Monitoring

Network Gateway Monitoring

We recommend installing a Grafana Dashboard to help monitor your node and gateway.

The rest of this article explains more detail about the gateway logging configuration, and the various metrics exposed by the gateway.

Logs

Logging configuration follows the ASP.NET paradigms.

In particular, both the log levels and the logger can be configured in the configuration.

By default, a simple one-line console logger is used in development, and a JSON logger is used in production. These can be configured further in the app configuration, as per the ASP.NET guidance - eg this is done in the deployment folder for optimizing log readability in Docker.

An example of configuring for the systemd console logger is given below.

{
    "Logging": {
        "Console": {
            "FormatterName": "systemd",
            "FormatterOptions": {
                "IncludeScopes": true,
                "UseUtcTimestamp": true,
                "TimestampFormat": "yyyy-MM-ddTHH\\:mm\\:ss.fff\\Z "
            }
        }
    }
}

Health Checks

The Data Aggregator and Gateway API have a health check configured on their main ASP .NET url: /health will return a 200 status if all health checks pass, or a 500 if one of more health checks fail.

This can be integrated with Kubernetes or other health checking systems.

The Data Aggregator has a health check to check for database connectivity, and a custom health check to check for either recent start-up (with 10 seconds) or a ledger extension in the last 20 seconds (this can be configured with the Monitoring.UnhealthyCommitmentGapSeconds parameter). The Gateway API has a health check for each of its Database connections.

The health check endpoint will come up after the service loads.

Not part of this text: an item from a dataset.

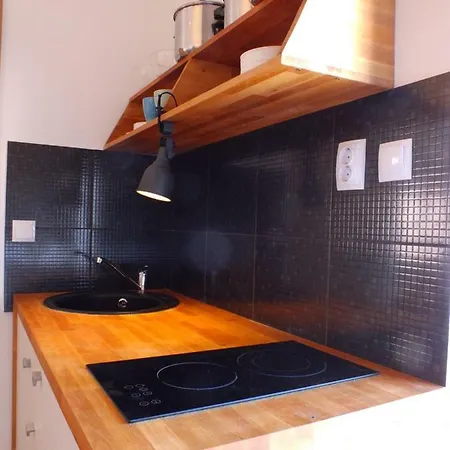 Apartmani Barisic *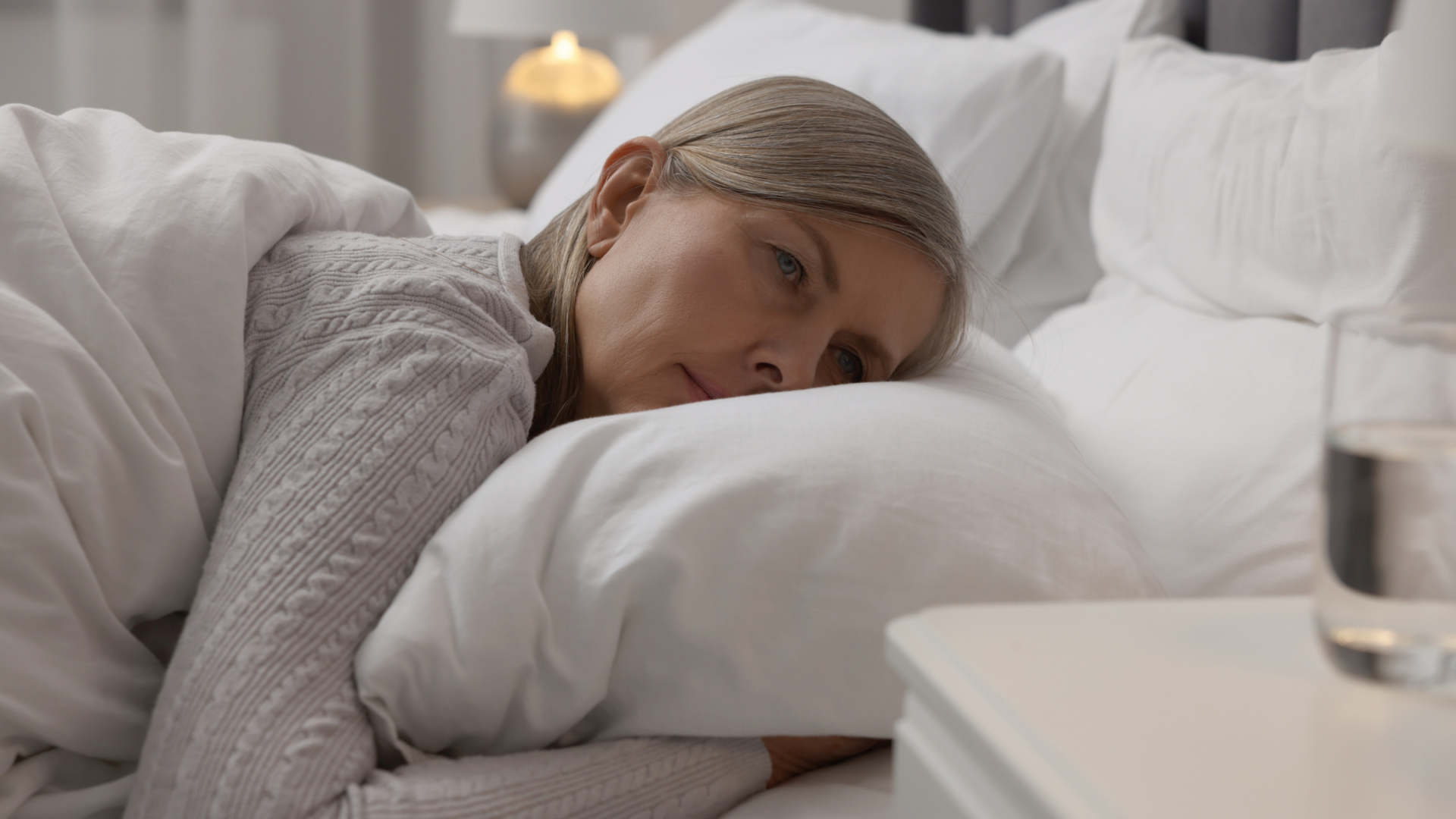 Menopausia y sueño, cómo mejorar el descanso en esta etapa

For the Data Aggregator, the migrations run before the health check is up, so we recommend the migrations run separately if they are slow-running, see releasing for more information.

Prometheus Metrics

The Network Gateway services export metrics in Prometheus format, via metric endpoints; to be picked up by Prometheus.

The default endpoints are:

Data Aggregator - http://localhost:1234
Gateway API - http://localhost:1235

But these can be changed with the configuration variable PrometheusMetricsPort.

Metric Types

Metrics fall into a number of groupings, separated out by distinct prefixes.

These are metrics provided by libraries:

dotnet_* - Metrics about the runtime (eg threadpool, known allocated memory)
process_* - Metrics about the process (eg process threads, process memory)
http_request_* and http_requests_* - Metrics about controller actions
httpclient_* - Metrics about requests that the service makes to upstream services (is the full nodes)
aspnetcore_* - Metrics related to ASP.NET core (eg healthcheck status)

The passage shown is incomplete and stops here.